If Yes then whose bug. IX or Truecharts?

Did you use an TrueCharts App? If so, I'd start with TrueCharts.
If the official Apps are not working, start with TrueNAS.
If the TrueCharts team identify a TrueNAS issue... they aren't shy about letting us know and they are very good at telling us what is broken.

 

[NugentS]

Right the sonarr issue above is a red herring - it would appear to be a bug with the specific container rather than the system behind it. So please ignore
-----------------------
Current situation.

I have a LAN with two gateways on it.
GW1 is a VPN Only gateway access to the internet
GW2 is a unencrypted gateway access to the internet

DHCP on LAN points to GW2
Scale at the moment (as a workaround) default gateway points at GW1
[I control which computer uses the encrypted gateway using default gateway]

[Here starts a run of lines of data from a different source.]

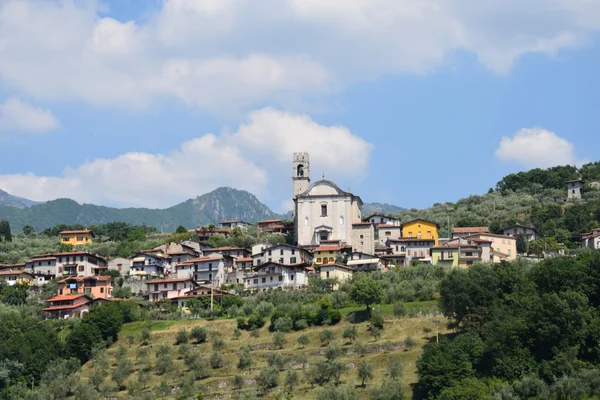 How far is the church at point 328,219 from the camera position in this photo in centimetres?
10962

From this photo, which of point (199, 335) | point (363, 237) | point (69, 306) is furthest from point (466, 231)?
point (69, 306)

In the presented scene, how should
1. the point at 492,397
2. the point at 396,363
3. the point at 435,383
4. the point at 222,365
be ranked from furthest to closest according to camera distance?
the point at 222,365
the point at 396,363
the point at 435,383
the point at 492,397

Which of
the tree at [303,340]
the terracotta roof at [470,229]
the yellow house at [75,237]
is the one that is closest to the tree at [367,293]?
the tree at [303,340]

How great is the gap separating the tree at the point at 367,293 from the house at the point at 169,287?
19.4m

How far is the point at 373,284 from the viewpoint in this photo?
80625mm

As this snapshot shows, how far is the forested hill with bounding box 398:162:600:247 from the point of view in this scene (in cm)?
11619

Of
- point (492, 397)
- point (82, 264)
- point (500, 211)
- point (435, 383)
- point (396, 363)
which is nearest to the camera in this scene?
point (492, 397)

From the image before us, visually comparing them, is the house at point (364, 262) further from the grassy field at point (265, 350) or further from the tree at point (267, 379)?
the tree at point (267, 379)

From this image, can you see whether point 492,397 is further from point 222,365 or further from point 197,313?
point 197,313

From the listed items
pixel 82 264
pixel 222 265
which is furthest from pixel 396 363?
pixel 82 264

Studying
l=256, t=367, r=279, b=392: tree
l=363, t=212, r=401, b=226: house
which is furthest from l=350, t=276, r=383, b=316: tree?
l=363, t=212, r=401, b=226: house

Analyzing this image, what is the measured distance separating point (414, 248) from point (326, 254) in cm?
992

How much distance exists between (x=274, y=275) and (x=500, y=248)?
26574 mm

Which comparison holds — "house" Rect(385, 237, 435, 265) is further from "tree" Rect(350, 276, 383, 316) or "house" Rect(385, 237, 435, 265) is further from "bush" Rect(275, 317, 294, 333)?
"bush" Rect(275, 317, 294, 333) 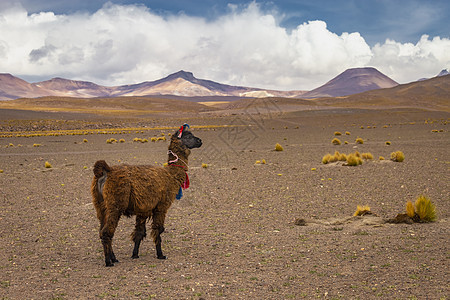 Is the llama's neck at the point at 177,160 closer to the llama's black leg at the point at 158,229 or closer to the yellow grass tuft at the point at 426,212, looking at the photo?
the llama's black leg at the point at 158,229

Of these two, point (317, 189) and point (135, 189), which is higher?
point (135, 189)

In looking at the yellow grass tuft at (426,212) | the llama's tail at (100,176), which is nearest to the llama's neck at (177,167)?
the llama's tail at (100,176)

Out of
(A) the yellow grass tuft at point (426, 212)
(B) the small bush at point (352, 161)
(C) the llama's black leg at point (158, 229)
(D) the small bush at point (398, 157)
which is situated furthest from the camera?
(D) the small bush at point (398, 157)

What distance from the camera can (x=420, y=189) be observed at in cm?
1213

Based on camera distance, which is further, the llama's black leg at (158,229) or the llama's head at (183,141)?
the llama's head at (183,141)

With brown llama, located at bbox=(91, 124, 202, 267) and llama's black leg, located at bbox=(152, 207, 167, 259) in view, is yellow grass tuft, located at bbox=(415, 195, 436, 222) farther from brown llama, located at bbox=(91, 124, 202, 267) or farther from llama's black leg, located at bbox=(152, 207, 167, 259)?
llama's black leg, located at bbox=(152, 207, 167, 259)

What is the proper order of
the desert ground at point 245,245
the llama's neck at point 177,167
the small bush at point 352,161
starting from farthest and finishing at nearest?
1. the small bush at point 352,161
2. the llama's neck at point 177,167
3. the desert ground at point 245,245

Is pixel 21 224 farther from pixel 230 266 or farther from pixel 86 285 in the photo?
pixel 230 266

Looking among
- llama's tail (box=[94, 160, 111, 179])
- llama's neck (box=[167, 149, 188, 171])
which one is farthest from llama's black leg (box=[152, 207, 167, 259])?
llama's tail (box=[94, 160, 111, 179])

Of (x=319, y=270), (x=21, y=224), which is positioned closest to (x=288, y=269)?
(x=319, y=270)

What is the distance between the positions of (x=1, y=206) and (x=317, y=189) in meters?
9.42

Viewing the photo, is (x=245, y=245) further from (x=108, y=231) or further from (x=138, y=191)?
(x=108, y=231)

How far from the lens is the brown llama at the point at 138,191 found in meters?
6.04

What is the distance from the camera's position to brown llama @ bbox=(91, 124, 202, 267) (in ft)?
19.8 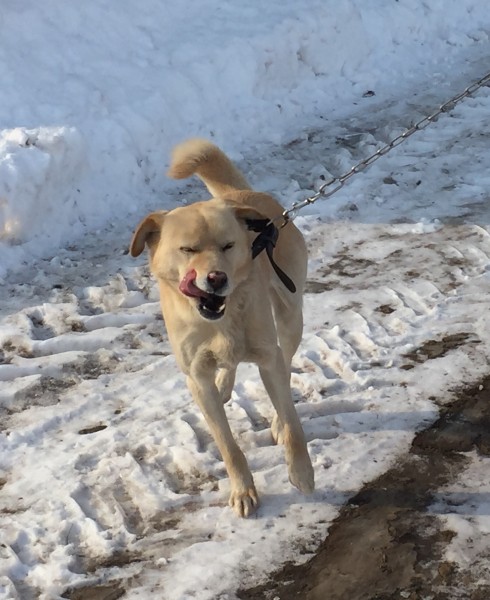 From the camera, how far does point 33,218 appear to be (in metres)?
5.70

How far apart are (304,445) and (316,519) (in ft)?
0.95

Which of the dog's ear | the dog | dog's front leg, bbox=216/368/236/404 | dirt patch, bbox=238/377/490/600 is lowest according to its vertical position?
dirt patch, bbox=238/377/490/600

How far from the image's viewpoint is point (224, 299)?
3.01m

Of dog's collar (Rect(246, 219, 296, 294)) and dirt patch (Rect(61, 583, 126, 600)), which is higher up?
dog's collar (Rect(246, 219, 296, 294))

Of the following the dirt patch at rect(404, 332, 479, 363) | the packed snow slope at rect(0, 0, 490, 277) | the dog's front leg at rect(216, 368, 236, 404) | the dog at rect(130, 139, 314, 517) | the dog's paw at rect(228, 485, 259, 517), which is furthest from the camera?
the packed snow slope at rect(0, 0, 490, 277)

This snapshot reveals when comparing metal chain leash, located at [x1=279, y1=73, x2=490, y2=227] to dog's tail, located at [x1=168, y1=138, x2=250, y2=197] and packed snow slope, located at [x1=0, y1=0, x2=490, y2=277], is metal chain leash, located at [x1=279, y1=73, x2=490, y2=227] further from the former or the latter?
packed snow slope, located at [x1=0, y1=0, x2=490, y2=277]

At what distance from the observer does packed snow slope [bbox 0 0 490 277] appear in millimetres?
5934

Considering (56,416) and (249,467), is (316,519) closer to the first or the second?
(249,467)

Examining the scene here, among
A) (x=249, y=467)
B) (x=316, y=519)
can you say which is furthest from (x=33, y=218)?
(x=316, y=519)

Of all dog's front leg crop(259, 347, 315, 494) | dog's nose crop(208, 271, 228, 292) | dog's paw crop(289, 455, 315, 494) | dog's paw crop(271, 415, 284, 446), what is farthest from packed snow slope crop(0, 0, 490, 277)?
dog's nose crop(208, 271, 228, 292)

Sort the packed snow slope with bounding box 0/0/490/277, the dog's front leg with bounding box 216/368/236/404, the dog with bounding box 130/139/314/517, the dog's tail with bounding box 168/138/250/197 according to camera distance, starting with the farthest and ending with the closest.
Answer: the packed snow slope with bounding box 0/0/490/277 < the dog's front leg with bounding box 216/368/236/404 < the dog's tail with bounding box 168/138/250/197 < the dog with bounding box 130/139/314/517

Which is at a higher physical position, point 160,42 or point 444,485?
point 160,42

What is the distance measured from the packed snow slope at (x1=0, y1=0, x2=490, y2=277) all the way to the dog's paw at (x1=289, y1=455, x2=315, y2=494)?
9.22 ft

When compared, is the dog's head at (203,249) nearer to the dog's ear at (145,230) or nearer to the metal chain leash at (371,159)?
the dog's ear at (145,230) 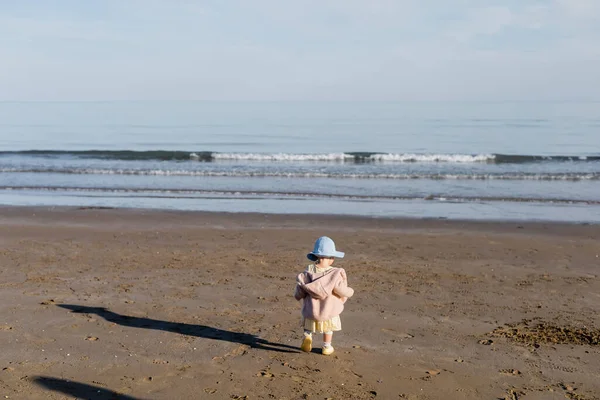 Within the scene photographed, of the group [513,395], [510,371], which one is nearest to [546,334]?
[510,371]

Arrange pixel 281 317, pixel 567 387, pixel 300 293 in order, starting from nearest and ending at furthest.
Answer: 1. pixel 567 387
2. pixel 300 293
3. pixel 281 317

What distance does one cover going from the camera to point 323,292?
18.4 ft

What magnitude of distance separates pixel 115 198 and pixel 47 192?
260 cm

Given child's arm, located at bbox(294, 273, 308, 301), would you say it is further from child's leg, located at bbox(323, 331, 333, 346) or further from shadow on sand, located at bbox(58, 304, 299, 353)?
shadow on sand, located at bbox(58, 304, 299, 353)

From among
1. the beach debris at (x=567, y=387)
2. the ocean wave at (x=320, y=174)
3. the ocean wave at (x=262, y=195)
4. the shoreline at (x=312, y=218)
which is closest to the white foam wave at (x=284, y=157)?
the ocean wave at (x=320, y=174)

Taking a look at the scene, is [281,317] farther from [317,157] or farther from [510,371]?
[317,157]

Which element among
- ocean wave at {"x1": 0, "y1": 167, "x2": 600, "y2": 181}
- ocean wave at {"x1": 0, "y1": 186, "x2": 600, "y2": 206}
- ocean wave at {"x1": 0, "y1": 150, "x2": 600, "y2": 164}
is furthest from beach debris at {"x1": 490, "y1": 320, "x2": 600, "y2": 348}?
ocean wave at {"x1": 0, "y1": 150, "x2": 600, "y2": 164}

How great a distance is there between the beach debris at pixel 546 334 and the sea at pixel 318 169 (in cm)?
745

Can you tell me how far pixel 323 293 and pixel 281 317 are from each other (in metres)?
1.27

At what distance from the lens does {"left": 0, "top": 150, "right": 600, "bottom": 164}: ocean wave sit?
28.4m

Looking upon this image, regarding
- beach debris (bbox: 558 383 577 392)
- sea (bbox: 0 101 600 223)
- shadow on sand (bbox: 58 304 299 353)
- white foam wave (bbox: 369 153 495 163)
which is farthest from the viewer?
white foam wave (bbox: 369 153 495 163)

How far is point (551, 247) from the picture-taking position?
34.7 ft

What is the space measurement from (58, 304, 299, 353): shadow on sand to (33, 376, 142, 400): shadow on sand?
136cm

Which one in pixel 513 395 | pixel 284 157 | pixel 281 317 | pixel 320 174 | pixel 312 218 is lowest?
pixel 513 395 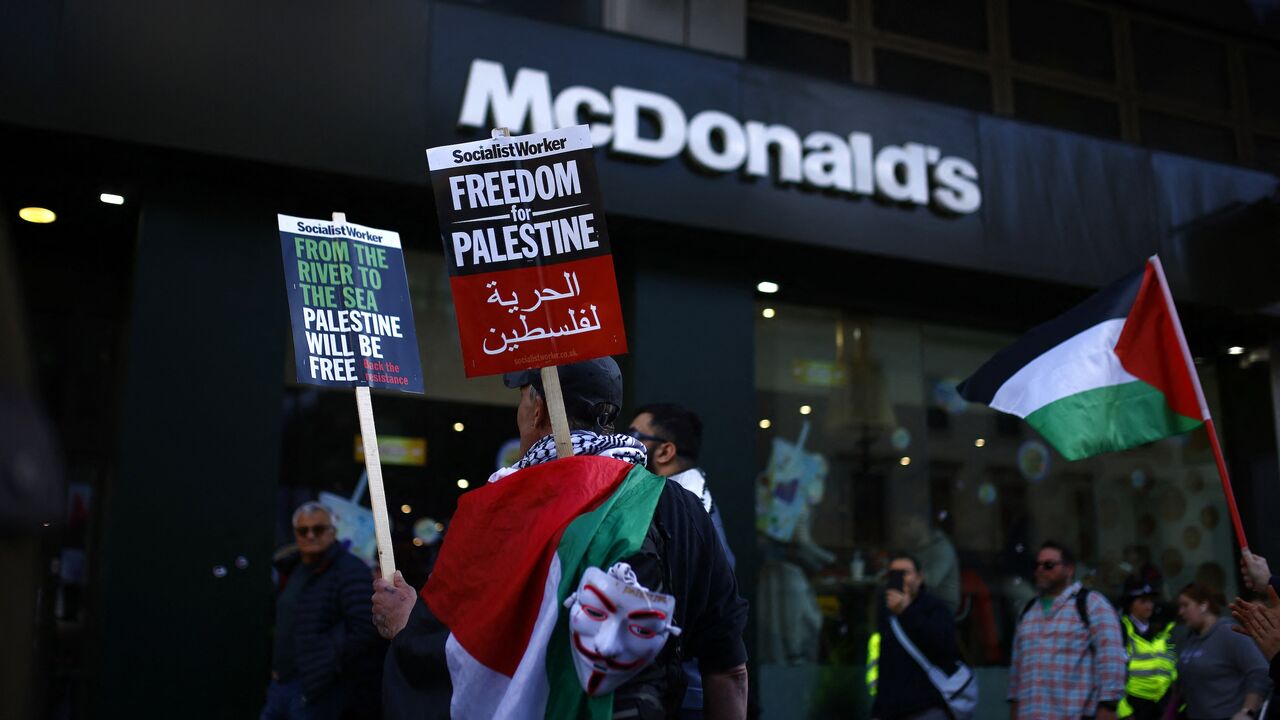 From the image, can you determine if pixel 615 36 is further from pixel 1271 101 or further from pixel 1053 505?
pixel 1271 101

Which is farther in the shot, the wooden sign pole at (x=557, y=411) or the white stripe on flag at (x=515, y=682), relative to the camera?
the wooden sign pole at (x=557, y=411)

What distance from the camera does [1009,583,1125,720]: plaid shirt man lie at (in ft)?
24.5

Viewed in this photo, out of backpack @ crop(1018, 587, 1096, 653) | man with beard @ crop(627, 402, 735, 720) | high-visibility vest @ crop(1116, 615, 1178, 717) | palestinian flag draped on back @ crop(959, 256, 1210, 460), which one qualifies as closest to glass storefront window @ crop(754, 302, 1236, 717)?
high-visibility vest @ crop(1116, 615, 1178, 717)

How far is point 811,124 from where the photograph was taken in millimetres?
9664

What I wanted to do is give the containers access to another network card and use DHCP to control the default gateway they use, or set the gateway up for each container. However it appears that this is impossible as it stands currently. Whether the feature becomes available later on is "who knows"

Well I have a workaround thats fine for testing purposes and I have another idea that might work. But for the moment I will give up on the idea.

 

[PackElend]

currently, Kubernetes can only operate within a single subnet but can you at least bind that to an VLAN interface?